Metrics your health indicator

StastD was well know for metrics collection for almost an decade now. Initially popularised by Flickr in the days of flat metrics (Graphite) etc. One important evolution happened in the metrics collection and analyse space is metrics tagging. I would say metrics tagging revolutionised whole metrics space with better structure , filtering and group by. Today to use tags in StatsD one popular option would be using dogstatsd protocol(Evolution of plain statsd protocol with tags support).

Prometheus is very new to the metrics market but growing very fast and with the cncf.io boosters attached to it. Considering the idea for prometheus born from google from day one prometheus supported tags.

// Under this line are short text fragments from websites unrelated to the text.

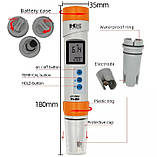 Професійний вологозахищений РН-метр HM PH-200 (0-14 РН; ±0.1 рН, ±1 °С) IP67, ATC, фото 3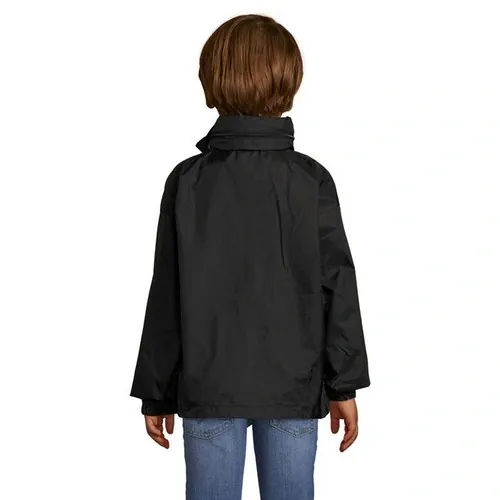 Cortaviento Impermeable SOLS SURF para Niño ref S32300 - Back Negronegro Opaco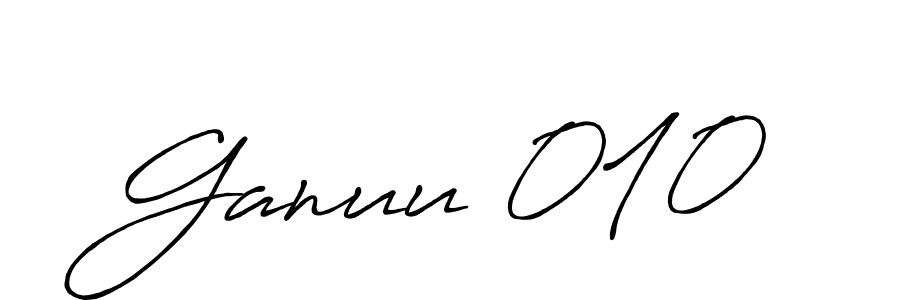 How to make Ganuu 010 name signature. Use Antro_Vectra_Bolder style for creating short signs online. This is the latest handwritten sign. Ganuu 010 signature style 7 images and pictures png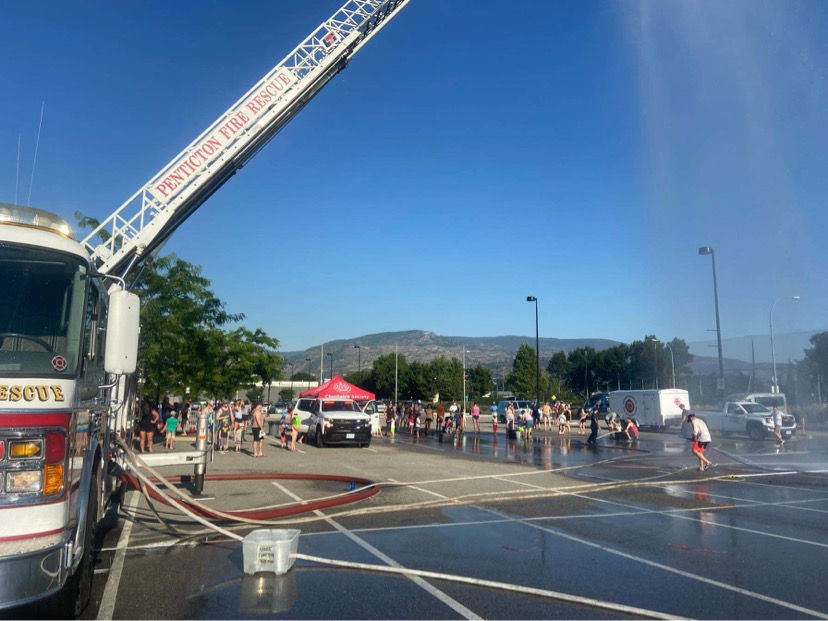 Love Local: Water fight. Photo: Penticton Professional Fire Fighters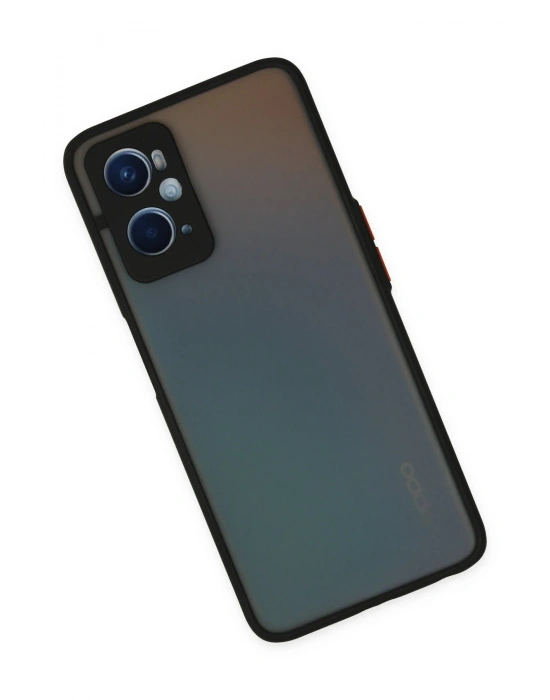 Newface Oppo A96 Kılıf Montreal Silikon Kapak - Siyah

StatsD/Dogstatsd is just an protocol where prometheus umbrella project includes protocol, collection & time series database. Prometheus also has an alert manager. An prometheus equivalent example setup would include StatsD Server (Telegraf StatsD), time series database(InfluxDB) and Kapacitor for alerting.

Pros of StatsD:

  • Time to kickstart is very low considering all you need to know is statsd server ip , port and client library of you language.
  • Percentiles are calculated on the server side that will help us to collect aggregated views of multiple instances of same service.
  • Percentiles and histograms are calculated on server side relatively less overhead in the client application.
  • Transmits all the data over UDP protocol which avoids any network connectivity issues bringing down the whole application.
  • Short lived process can easily send metrics since StatsD is push based systems.
  • Relatively uses less memory because the metrics are pushed to server as it comes.
  • Implementation effort from developer side is less.

Cons of StatsD:

  • If there is an overload on StatsD server side then we may loose the metrics considering the metrics are transported over UDP.
  • The volume of statsD traffic will increase with the volume of your instrumentation (We can use sampling to reduce this).
  • If your StatsD traffic volume cannot fit into an single server then percentile calculation may not accurate considering that now percentiles are calculated across multiple servers.
  • Need to stitch together multiple tools(storage,alerting) to make it work.

Pros of prometheus:

  • Long term viability of the project as it comes under cncf foundation which comes under linux foundation.
  • Metric tags are supported first class.
  • Each metrics comes with an description which will help in understanding the metrics.
  • You can view per server level metrics in the local endpoints usually *http://localhost:8888/metrics*(Google calls it zPages) of the application.
  • If the prometheus server is down we won’t loose app metrics data because all the data is stored in the application memory.
  • Metrics protocol, storage , collection & alerting all comes out of the box.
  • Metric collection traffic does not increase proportionally with your application traffic growth as data is scrapped at fixed interval usually 10s.
  • Application availably can be figured out easily by deducing from the fact that if we are not able to scrap the metrics then application is not available.

Cons of prometheus:

  • Since prometheus is pull based metric collection system it demands service discovery(consul or etcd) to discover all the application prometheus endpoints.
  • Percentiles computation may not be give overall picture as percentiles are calculated at each instance level not at global level.
  • More memory is used as the metrics are locally stored in application memory.
  • Short lived process needs push gateway to push metrics.
  • Implementation and developer expertise required are high.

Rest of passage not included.